Please copy out the entries below exactly, beginning with the line that contains "AKOOSY Santa Claus" and ending with the line that contains "China Halloween logo", and include nothing outside that span.

## DATA IN THIS EXERCISE
######
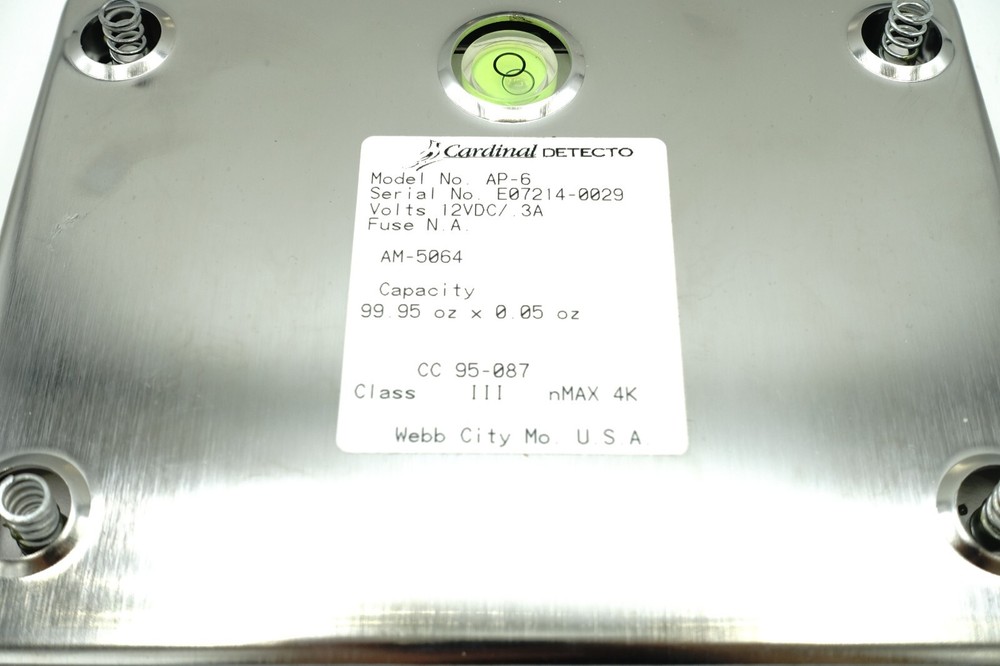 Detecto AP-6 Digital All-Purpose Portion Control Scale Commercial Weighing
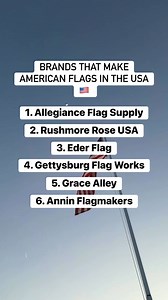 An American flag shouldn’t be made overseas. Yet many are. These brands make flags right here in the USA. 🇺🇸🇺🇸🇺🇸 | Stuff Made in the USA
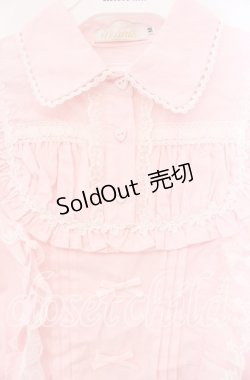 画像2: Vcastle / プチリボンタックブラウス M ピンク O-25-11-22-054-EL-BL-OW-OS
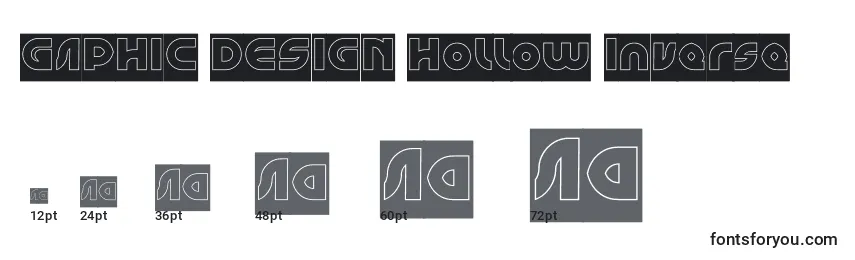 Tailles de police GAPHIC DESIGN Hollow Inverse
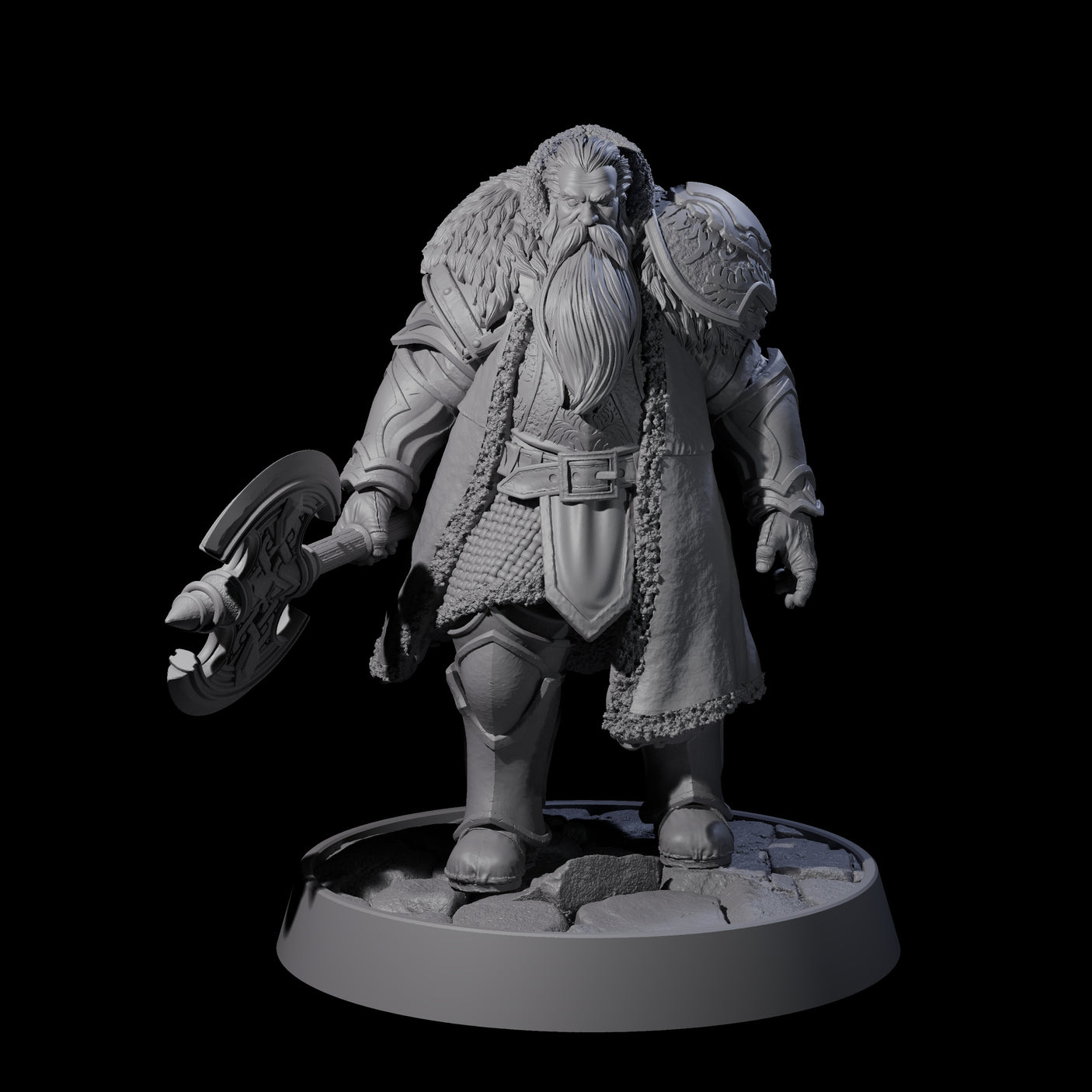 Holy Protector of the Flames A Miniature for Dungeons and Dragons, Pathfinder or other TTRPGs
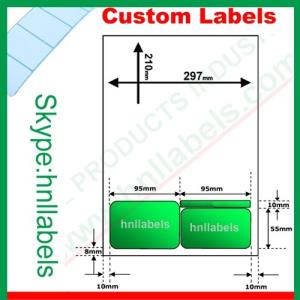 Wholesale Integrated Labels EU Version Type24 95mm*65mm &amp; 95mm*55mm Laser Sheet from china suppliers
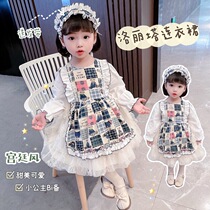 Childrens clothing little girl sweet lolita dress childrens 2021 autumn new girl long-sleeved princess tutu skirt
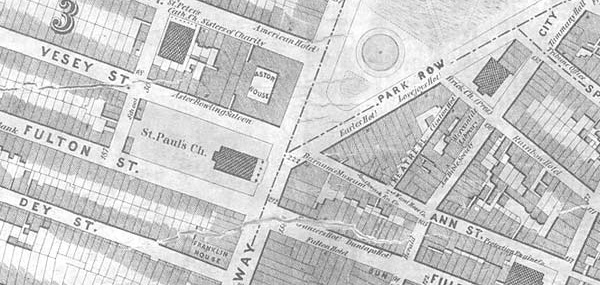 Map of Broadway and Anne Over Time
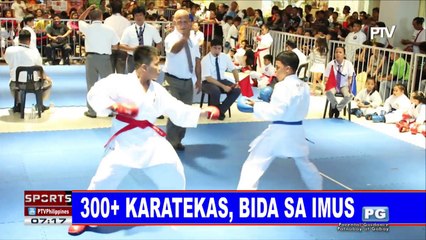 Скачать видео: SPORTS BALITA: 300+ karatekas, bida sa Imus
######
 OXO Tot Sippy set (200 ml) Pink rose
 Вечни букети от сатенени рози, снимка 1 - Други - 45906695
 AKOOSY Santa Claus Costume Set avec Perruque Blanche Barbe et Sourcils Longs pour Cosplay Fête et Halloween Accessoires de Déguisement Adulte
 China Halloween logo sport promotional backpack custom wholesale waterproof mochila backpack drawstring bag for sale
######
## RESULT OF THIS EXERCISE
 AKOOSY Santa Claus Costume Set avec Perruque Blanche Barbe et Sourcils Longs pour Cosplay Fête et Halloween Accessoires de Déguisement Adulte
 China Halloween logo sport promotional backpack custom wholesale waterproof mochila backpack drawstring bag for sale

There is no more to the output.